Categories > Movies > Newsies > Everyone Sees it Diffrently

Chapter III (Polecat)

by Cards 0 reviews

Polecat waits for the bus and makes a fool of her self.

Category: Newsies - Rating: PG-13 - Genres: Humor - Characters: David Jacobs - Warnings: [?] - Published: 2005-06-17 - Updated: 2005-06-18 - 773 words

0Unrated
"Okay so this guy walked into a bar!' I started I hate waiting for the bus. The bus is evil.

"What happened?" One of the guys asked.

"Huh?"

"You started a joke." He reminded me.

"Uh yeah, what was it?"

"You fucking Spaz!" Skits yelled laughing with her.

"Dude totally!"

"Hey Poley, Its your dessert bearing lover."

"Shove it Jacobs." I muttered, never the less looking over to where he pointed and there indeed was Pie. The guy I mean, not that the dessert isn't wonderful but the guy is very yummy, even better if he's wearing the dessert, not that I would know."And what's with the Shakespeare talk?"

"Uh." He hunted around in his backpack "We're reading Romeo and Juliet in class. And I have it seventh."

Skits glared at him, he hated the guy always worried the camera would make him look like spastic idiot he is. I don't worry so much about Davey and his camera. I mean honestly when he could shoot anyone in the school then I think that I really don't have to worry. Not even Magic minds when he films her because he does such a good job.

Dave is weird. But hey he's fun to tease. "So what are you gunna do for a project this time?" David is famous for these really elaborate school projects, when his class read "Night" he put together a movie of the dehumanization process using a cast of twenty, his kid brother, who I swear is gunna be a star he acts so well, played a Jewish kid who was being persecuted by the other nineteen cast members all decked out in Gestapo uniforms. Between each taunt he added clips of his family's holiday movies. At the end he had a person flick the switch to an freaky dark building signifying the loss of a will to live. And right before it ended he had a clip of Les singing in Hebrew as he lighted the first Hanukah candle. I was crying when he showed it to us, I was one of the people throwing stones at his brother.

"Well I mean obviously remake the balcony scene. But I mean the plays been remade so many times its just getting Taboo." David shrugged. I think he lost me around the balcony scene, I never really read the book. Whoops! That would be why I'm having trouble following it.

"Uh David isn't that your bus leaving?" Pie pointed out to David who set off like a shot towards the departing yellow bus. I watched him go. "Margaret isn't that your bus too?" He asked. I was in shock for a moment. Okay so I have this stalkers obsession with him ever since he took off with my cookie in sixth grade and now he talks to me.

Skits is yelling at someone and that is something to concentrate on, no the world has not ended. Skits is still a bitch during with drawl.

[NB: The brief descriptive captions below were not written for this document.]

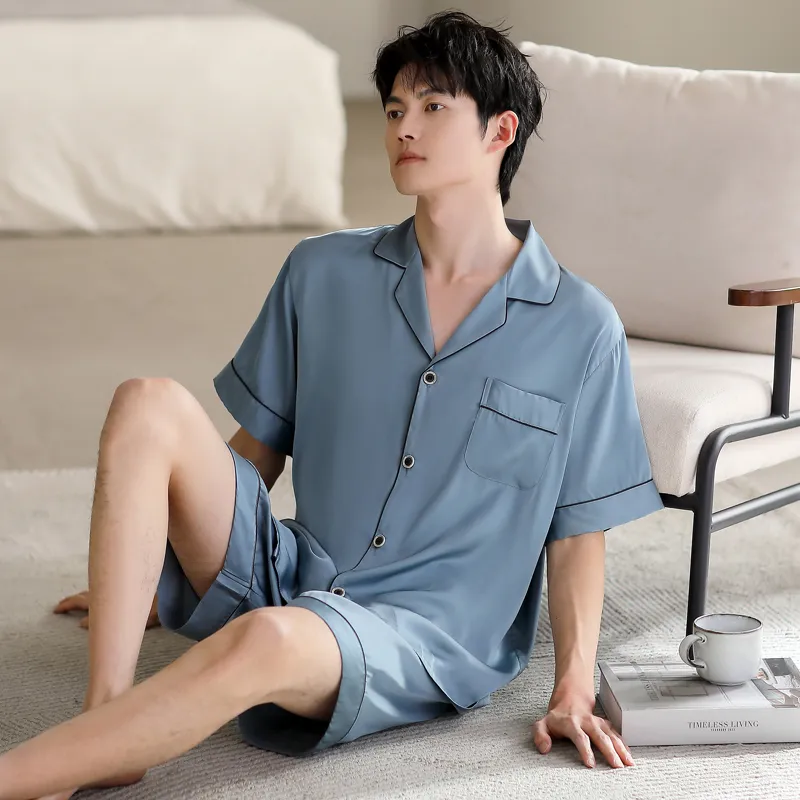 WUSE Men Pajama Sets-6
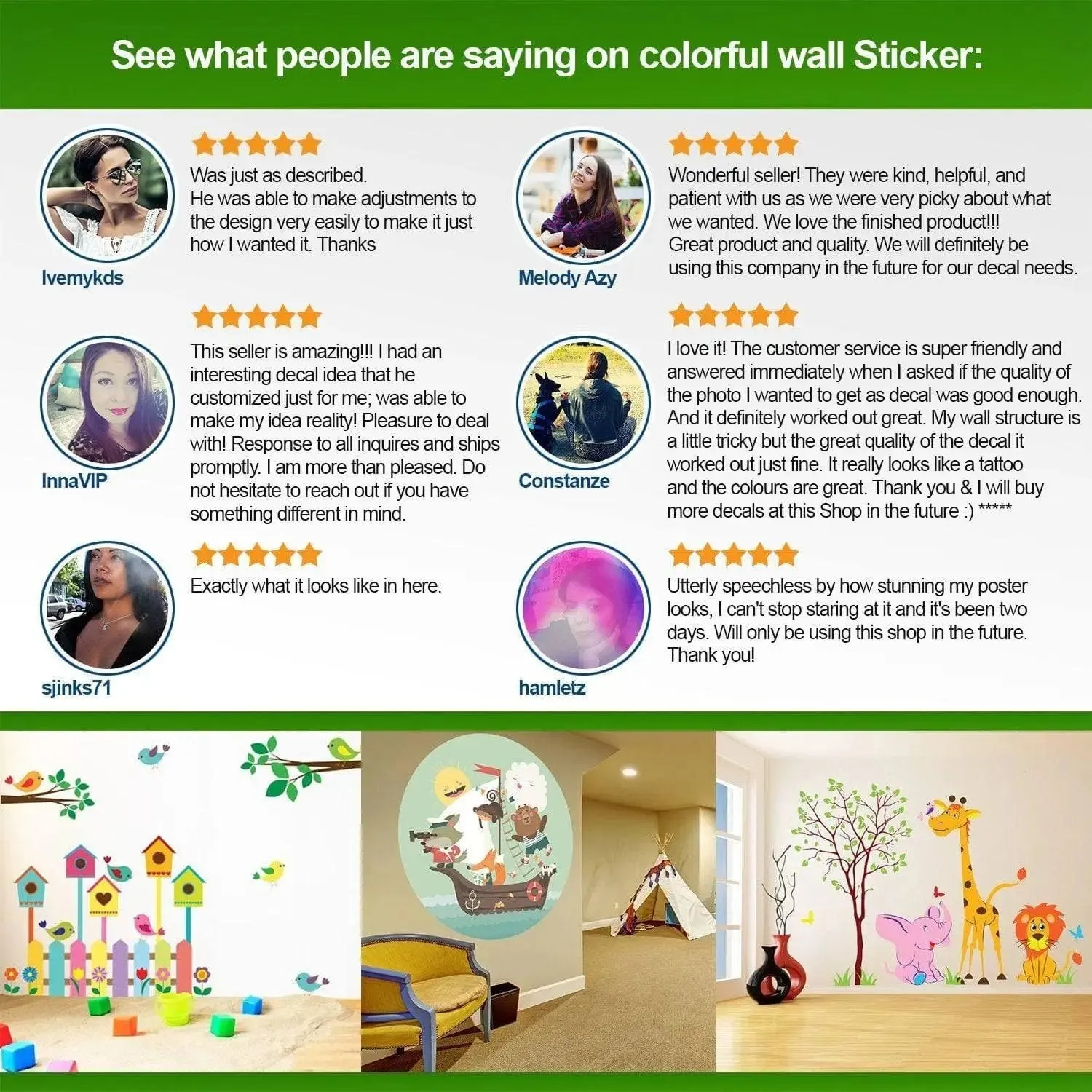 Personalized Custom Drawing Vinyl Stickers: Transform Your Space with Unique Art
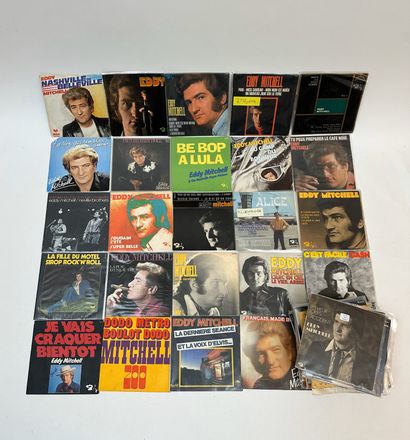 Eddy MITCHELL
62 disques 45T – France et...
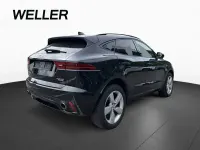 Używany Jaguar E-Pace R-Dynamic 241 KM (177 kW) 2019 Czarny SUV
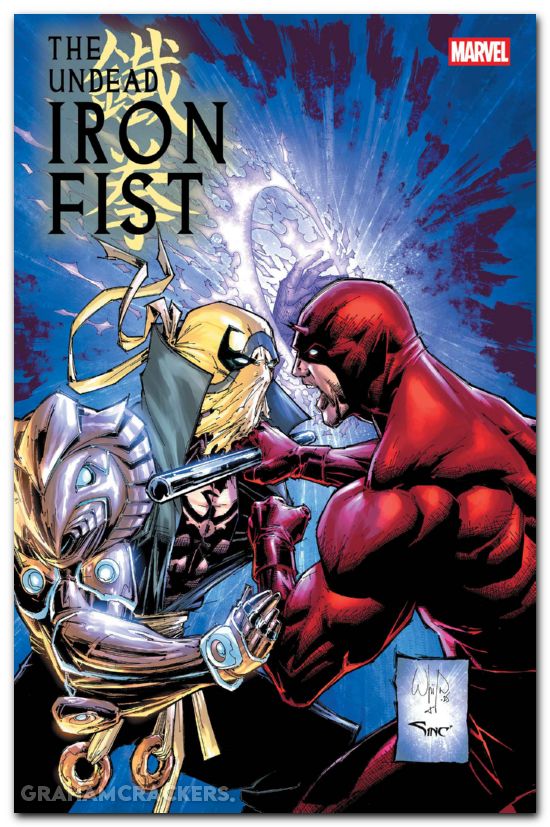 Undead Iron Fist #2 (2025)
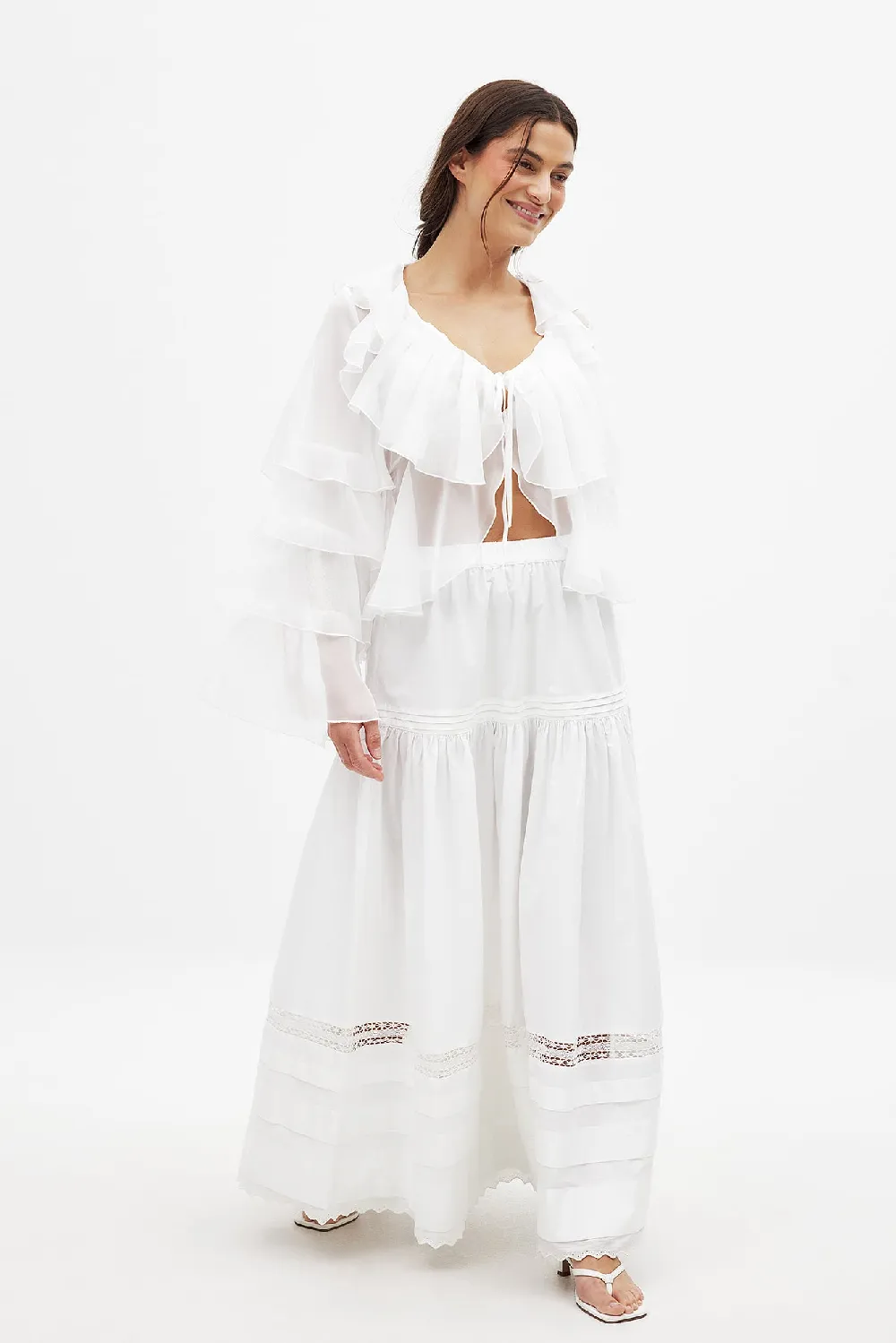 Frills Top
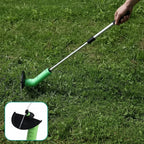 Grass Trimmer Cordless Adjustable Cutting Head Rechargeable Battery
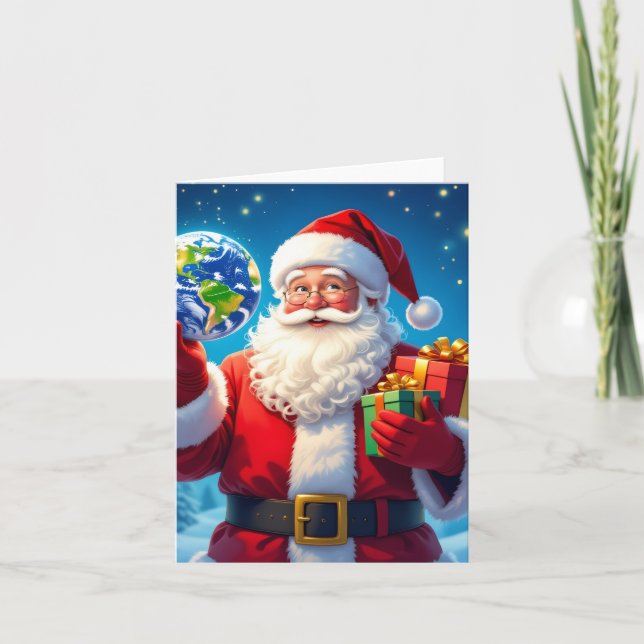 „Merry Christmas“1 Holiday Card (Front)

"Uh Margaret." Pie said again. "Don't you ride the same bus as David."

"SHIT I DO!"

"And people say I'm distracted." Some one said behind me. Or I could have imagined it.

I ran after the bus. Must thank David and hug him because he made the bus wait for me.

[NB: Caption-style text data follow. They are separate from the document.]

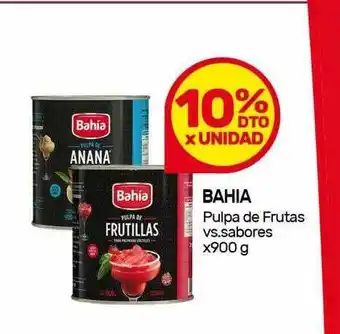 Nini Mayorista Bahia Pulpa De Frutas Vs.sabores x 900g oferta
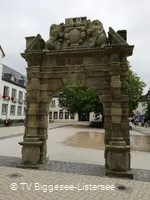 Kloster- und Rathausplatz Attendorn
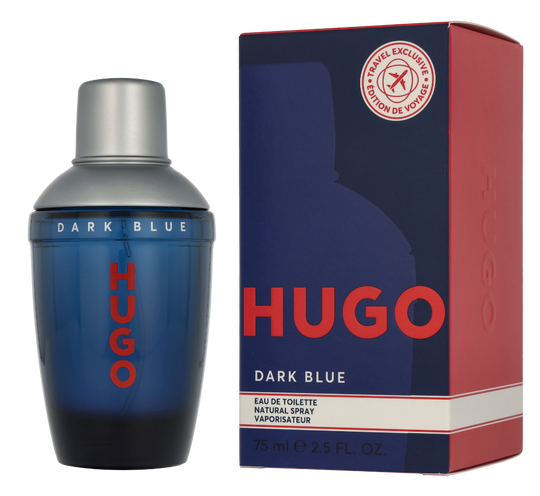 Hugo Dark Blue Man Edt Spray 75 ml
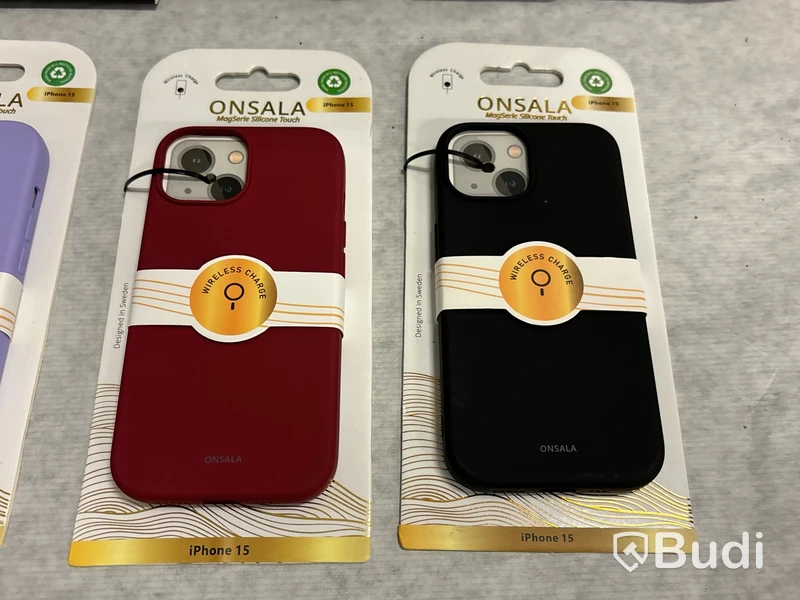 10 st mobilskal iPhone 15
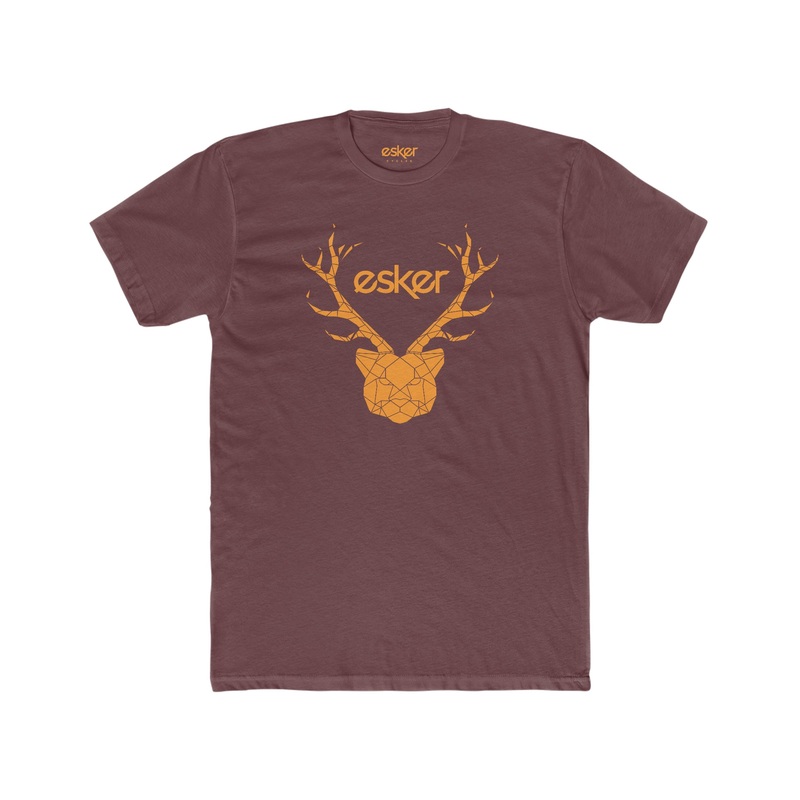 Elkat ELK&cAT Classic Tee Solid Heavy Metal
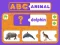 Cluiche ABC Animal ar líne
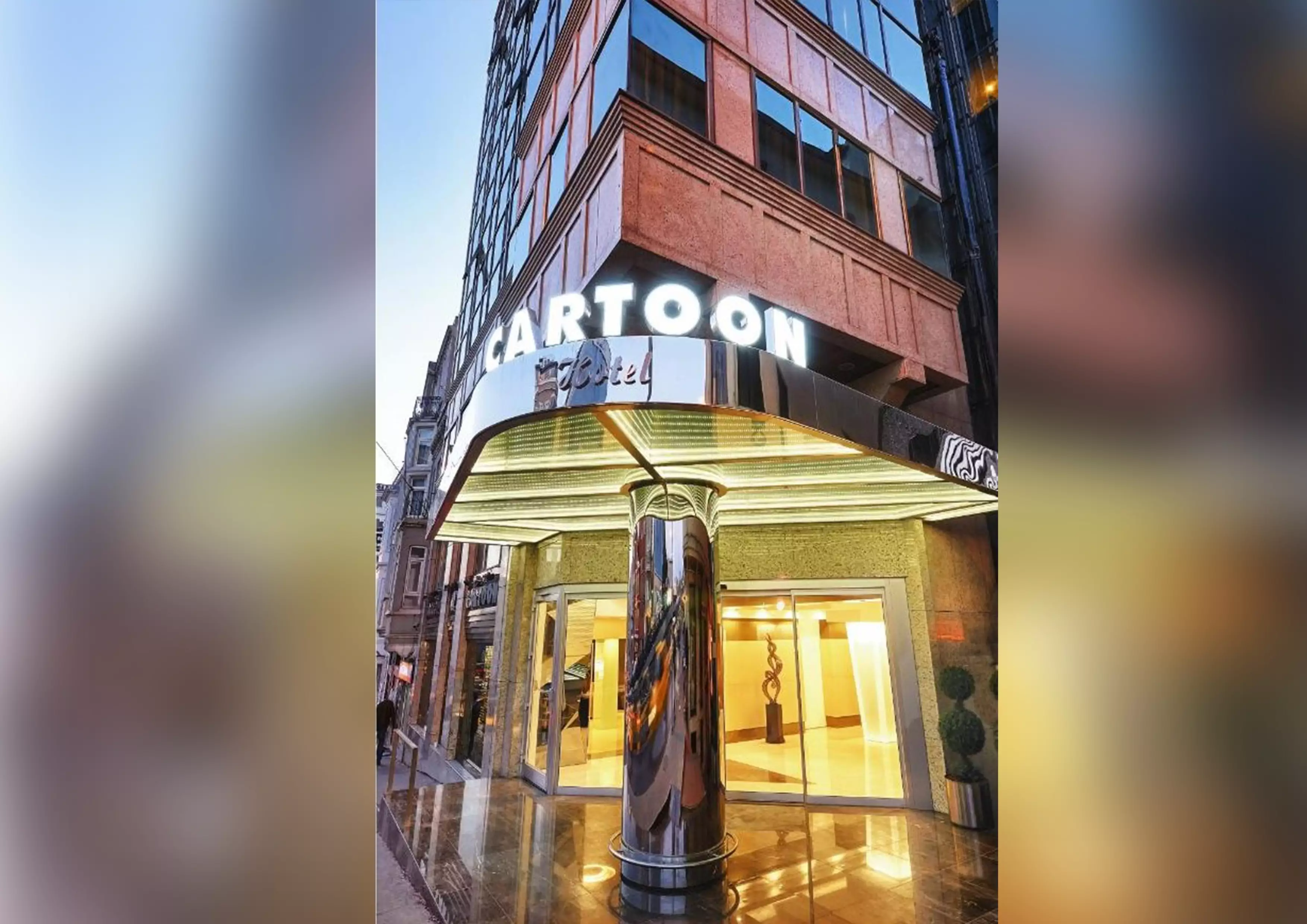 هتل کارتون استانبول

"I am in heaven." I announced to him as I sat down hugging him.

"Why?" David asked blushing to the roots of his curly brown hair.

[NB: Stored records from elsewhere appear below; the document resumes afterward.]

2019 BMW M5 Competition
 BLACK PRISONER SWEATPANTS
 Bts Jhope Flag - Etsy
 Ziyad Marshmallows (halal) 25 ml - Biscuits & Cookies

"Because dearest dear next door neighbor the wonderful 'bearer of desserts' talked to ME!"

"Wow. Its only been how many years in the making?" He asked me sarcastically. David is my next-door neighbor. Has been since our parents moved in the same day. We of course only being one year apart were forced to be "best friends" so our mothers could yak and talk. Our play dates were mainly me hitting him in the head with things accidentally and attaching him with a glow in the Dark sword. Now our parents seem to think that we are the cutest little things. Cute? Moi? Well any way to sum it up they think we're dating. His father has the slight problem that I am not Jewish but he thinks I'll get over that to marry his son. We go to dances together because we have NO love life. Yeah. and Judaism scares me, too much to learn.

"Shuddup, And its only been" Lemme count "Four."

"That is pathetic."

"You don't even know the name of the girl you've been lusting after for a year."

"Polecat." He muttered sinking into his seat.

"I'm hungry."

Disclaimer: All charachters belong to respective parties.